[Your instructions]: Excluding any images, copy all of the lines below precisely as written.

(Items listed in a dataset)
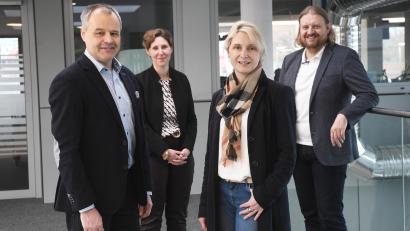 Bild: Gabi Schönberger
Nach fünf Jahren verlässt Stefan Zaruba (links) die Lokalredaktion Weiden und übernimmt die Leitung der Zentralredaktion. Neue Leiterin der Lokalredaktion ist Simone Baumgärtner (Zweite von rechts). Geschäftsführende Verlegerin Viola Vogelsang-Reichl und Chefredakteur Kai Gohlke gratulieren.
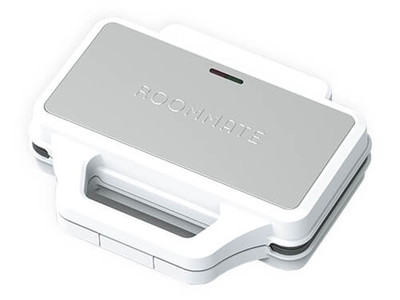 パンの耳までカリっと焼ける「ROOMMATE(R) ビッグサンドメーカー RM-112H」を発売 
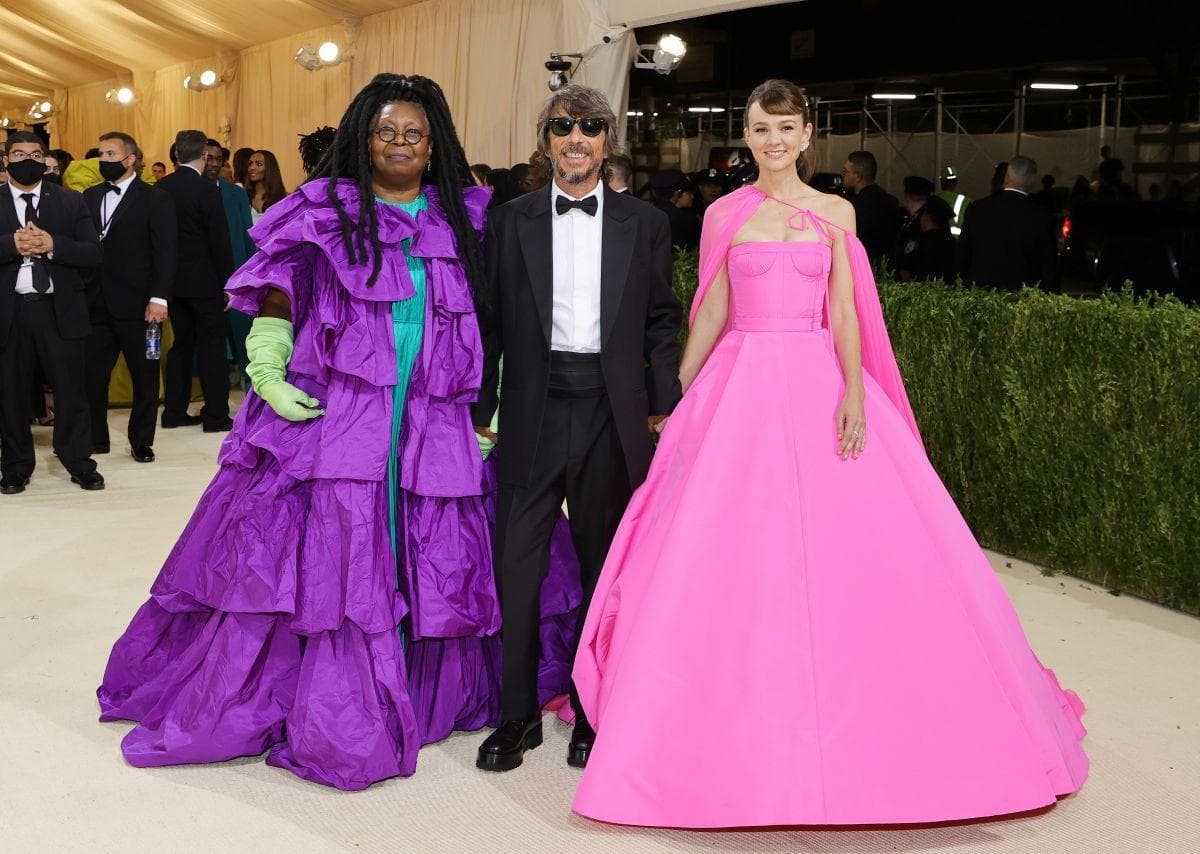 Golberg al Met Gala con Pierpaolo Piccioli e Carey Mulligan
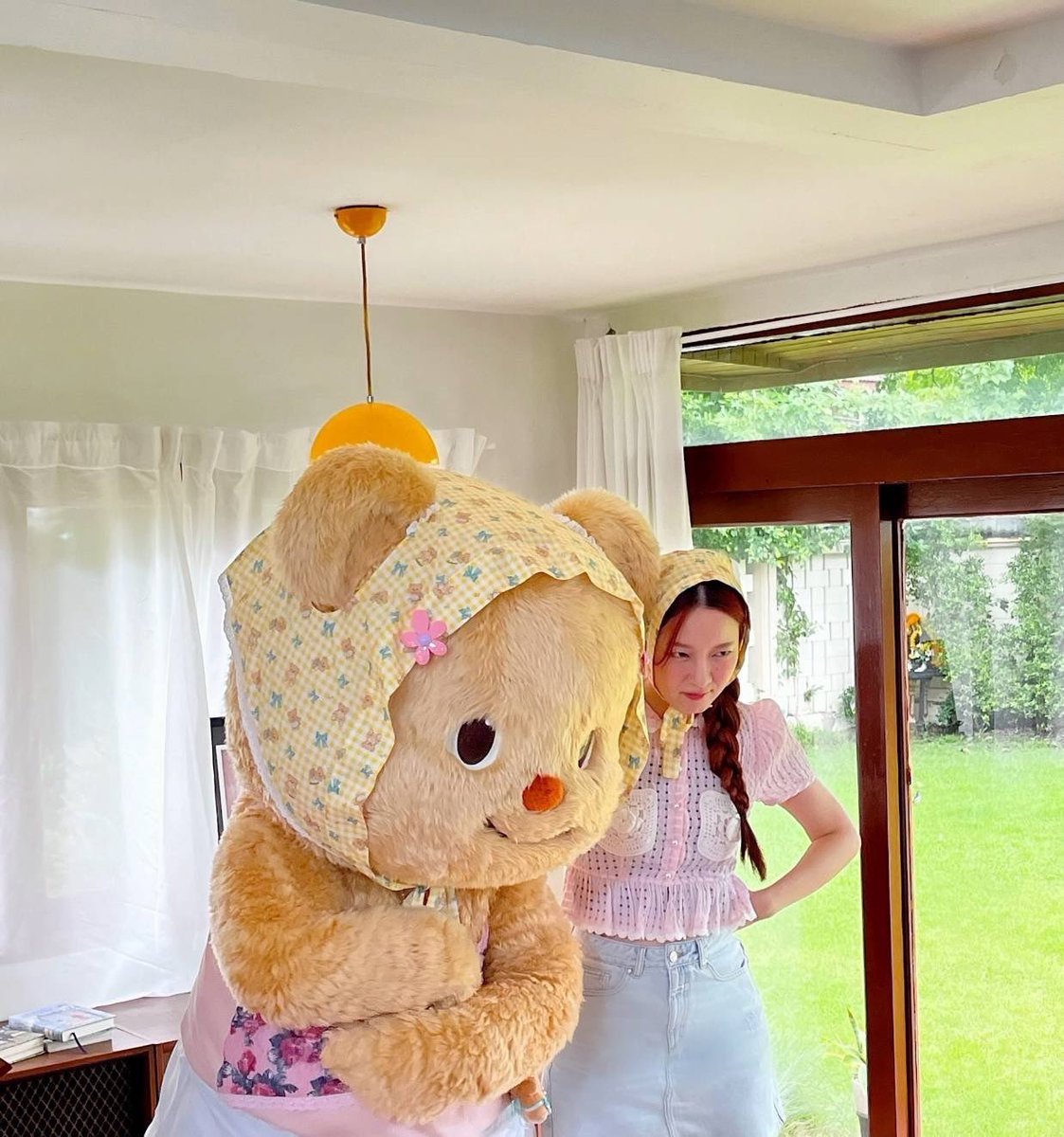 เรื่องมันมีอยู่ว่า...
ทุกคนว่าน้องเนยเม้ามอยอะไรกับคูมพี่อิ้งค์นะ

[Completed task]:
 Bild: Gabi Schönberger
Nach fünf Jahren verlässt Stefan Zaruba (links) die Lokalredaktion Weiden und übernimmt die Leitung der Zentralredaktion. Neue Leiterin der Lokalredaktion ist Simone Baumgärtner (Zweite von rechts). Geschäftsführende Verlegerin Viola Vogelsang-Reichl und Chefredakteur Kai Gohlke gratulieren.
 パンの耳までカリっと焼ける「ROOMMATE(R) ビッグサンドメーカー RM-112H」を発売 
 Golberg al Met Gala con Pierpaolo Piccioli e Carey Mulligan
 เรื่องมันมีอยู่ว่า...
ทุกคนว่าน้องเนยเม้ามอยอะไรกับคูมพี่อิ้งค์นะ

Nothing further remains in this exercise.